It’s not a secret that the modern Internet is being influenced by such giants of the tech world as Facebook, Google, Microsoft and Amazon. Today, the majority of global Internet traffic is already being transferred through private networks, and CDN (content delivery networks) also comprise those. According to Cisco’s annual forecast of Internet traffic trends, in a few years, this proportion is said to increase to over 70%.
CDN networks serve to boost user experience by accelerating transfer of online media, especially video streams and broadcasting. Although this technology is not new, it may have a great impact on the Internet simply due to the amount of traffic it’s used to handle. Such networks are often preferred by third-party telecommunication companies that deal with enterprises, for instance, Akamai and Limelight. Rising popularity of video streaming triggered massive investment from consumer-facing companies like Google, Facebook and Netflix. This growing proportion of traffic over CDNs has resulted into such phenomenon as “flattening” of the Net.
CDNs are expected to dominate in some particular areas, especially wealthy ones. These include Western Europe, North America, and Asia Pacific.

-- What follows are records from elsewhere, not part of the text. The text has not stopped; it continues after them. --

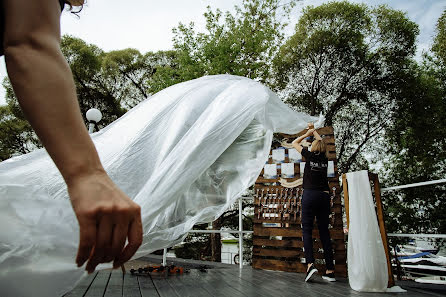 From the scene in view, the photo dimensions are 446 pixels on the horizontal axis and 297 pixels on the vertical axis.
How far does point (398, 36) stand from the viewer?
1062 centimetres

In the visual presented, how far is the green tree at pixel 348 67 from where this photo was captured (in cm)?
1057

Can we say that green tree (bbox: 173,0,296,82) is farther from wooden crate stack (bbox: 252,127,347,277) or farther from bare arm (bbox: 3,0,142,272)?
bare arm (bbox: 3,0,142,272)

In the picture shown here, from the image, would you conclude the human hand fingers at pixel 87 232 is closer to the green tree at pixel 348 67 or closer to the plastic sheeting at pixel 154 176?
the plastic sheeting at pixel 154 176

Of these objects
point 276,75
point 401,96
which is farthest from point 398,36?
point 276,75

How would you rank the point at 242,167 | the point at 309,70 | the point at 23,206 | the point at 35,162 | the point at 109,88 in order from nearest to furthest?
the point at 23,206 → the point at 35,162 → the point at 242,167 → the point at 309,70 → the point at 109,88

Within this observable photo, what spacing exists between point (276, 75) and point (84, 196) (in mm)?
11575

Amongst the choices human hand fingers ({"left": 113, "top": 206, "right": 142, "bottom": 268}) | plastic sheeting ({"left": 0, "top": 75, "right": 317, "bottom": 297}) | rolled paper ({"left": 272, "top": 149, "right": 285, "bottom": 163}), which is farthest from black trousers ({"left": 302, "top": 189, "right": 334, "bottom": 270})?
human hand fingers ({"left": 113, "top": 206, "right": 142, "bottom": 268})

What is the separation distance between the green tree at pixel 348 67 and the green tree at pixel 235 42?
3.42 feet

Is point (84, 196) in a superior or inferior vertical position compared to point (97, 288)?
superior

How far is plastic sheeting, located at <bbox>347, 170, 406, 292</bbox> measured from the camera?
8.73ft

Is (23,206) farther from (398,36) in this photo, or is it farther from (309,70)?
(398,36)

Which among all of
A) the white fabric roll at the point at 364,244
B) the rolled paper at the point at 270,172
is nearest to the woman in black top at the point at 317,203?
the white fabric roll at the point at 364,244

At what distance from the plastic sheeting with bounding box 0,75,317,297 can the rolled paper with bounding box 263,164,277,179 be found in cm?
304

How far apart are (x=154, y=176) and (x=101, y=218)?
59 centimetres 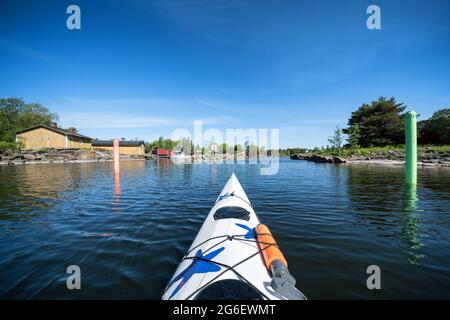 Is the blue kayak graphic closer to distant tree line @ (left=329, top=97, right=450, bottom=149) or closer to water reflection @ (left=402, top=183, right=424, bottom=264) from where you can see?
water reflection @ (left=402, top=183, right=424, bottom=264)

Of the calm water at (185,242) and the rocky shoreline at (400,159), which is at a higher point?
the rocky shoreline at (400,159)

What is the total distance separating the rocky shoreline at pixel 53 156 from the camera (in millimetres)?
37188

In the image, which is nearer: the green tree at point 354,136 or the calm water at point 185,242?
the calm water at point 185,242

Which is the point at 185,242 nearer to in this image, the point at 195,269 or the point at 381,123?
the point at 195,269

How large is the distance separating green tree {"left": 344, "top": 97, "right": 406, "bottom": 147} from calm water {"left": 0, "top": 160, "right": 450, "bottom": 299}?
148 feet

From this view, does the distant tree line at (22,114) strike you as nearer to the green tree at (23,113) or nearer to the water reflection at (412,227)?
the green tree at (23,113)

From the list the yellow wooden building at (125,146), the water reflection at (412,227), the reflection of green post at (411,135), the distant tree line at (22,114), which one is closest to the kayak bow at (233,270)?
the water reflection at (412,227)

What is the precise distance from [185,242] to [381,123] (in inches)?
2325

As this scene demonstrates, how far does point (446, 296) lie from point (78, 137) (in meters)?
69.6

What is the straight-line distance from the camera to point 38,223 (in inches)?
283

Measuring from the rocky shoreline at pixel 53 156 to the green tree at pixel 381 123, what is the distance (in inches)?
2552


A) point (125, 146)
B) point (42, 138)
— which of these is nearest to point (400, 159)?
point (125, 146)

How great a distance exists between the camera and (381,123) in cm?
4881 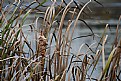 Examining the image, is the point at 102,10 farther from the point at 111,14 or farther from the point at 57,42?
the point at 57,42

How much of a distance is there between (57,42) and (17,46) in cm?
21

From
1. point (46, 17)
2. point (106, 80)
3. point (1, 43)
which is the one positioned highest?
point (46, 17)

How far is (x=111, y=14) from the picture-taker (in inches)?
246

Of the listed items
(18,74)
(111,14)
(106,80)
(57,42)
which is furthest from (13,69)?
(111,14)

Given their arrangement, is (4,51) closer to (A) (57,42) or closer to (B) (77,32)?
(A) (57,42)

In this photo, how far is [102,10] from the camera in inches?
256

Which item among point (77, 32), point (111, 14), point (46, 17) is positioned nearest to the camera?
point (46, 17)

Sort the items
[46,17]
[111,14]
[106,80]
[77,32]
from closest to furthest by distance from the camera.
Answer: [106,80] → [46,17] → [77,32] → [111,14]

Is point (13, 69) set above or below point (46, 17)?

The same mentioned report made by Cisco states that about 91% of Internet traffic in America will be transferred via CDN by 2021, while it’ll be only 31% in Africa and the Middle East.
Internet traffic flow over CDNs in 2021
Top dogs like Facebook, Amazon, Netflix, and Google keep increasing investment into their own CDNs to serve content for their users. Cisco also predicts that the proportion of traffic via these giant networks will also be more tremendous in wealthier regions. About 60% of traffic will be served via private CDNs. A case in point is a CDN set up by Netflix in North America by 2021. This year, only 10% of traffic in Africa and Middle East are transferred over a private CDN.
Internet traffic flow over private CDNs by 2021
What can’t be denied is that users served by CDNs have much better experience: they enjoy lag-free gaming, smooth and high-quality video streaming, movies without buffering, and so on. Every mile that video content has to travel degrades the quality of files and hurts user experience.
Does it mean that the lag of CDN services in some certain areas makes up for a new digital divide? Not likely. Just like any other Internet service, CDN will gradually become cheaper and more affordable for less wealthy countries, and with a growing demand for it, we will see further investment.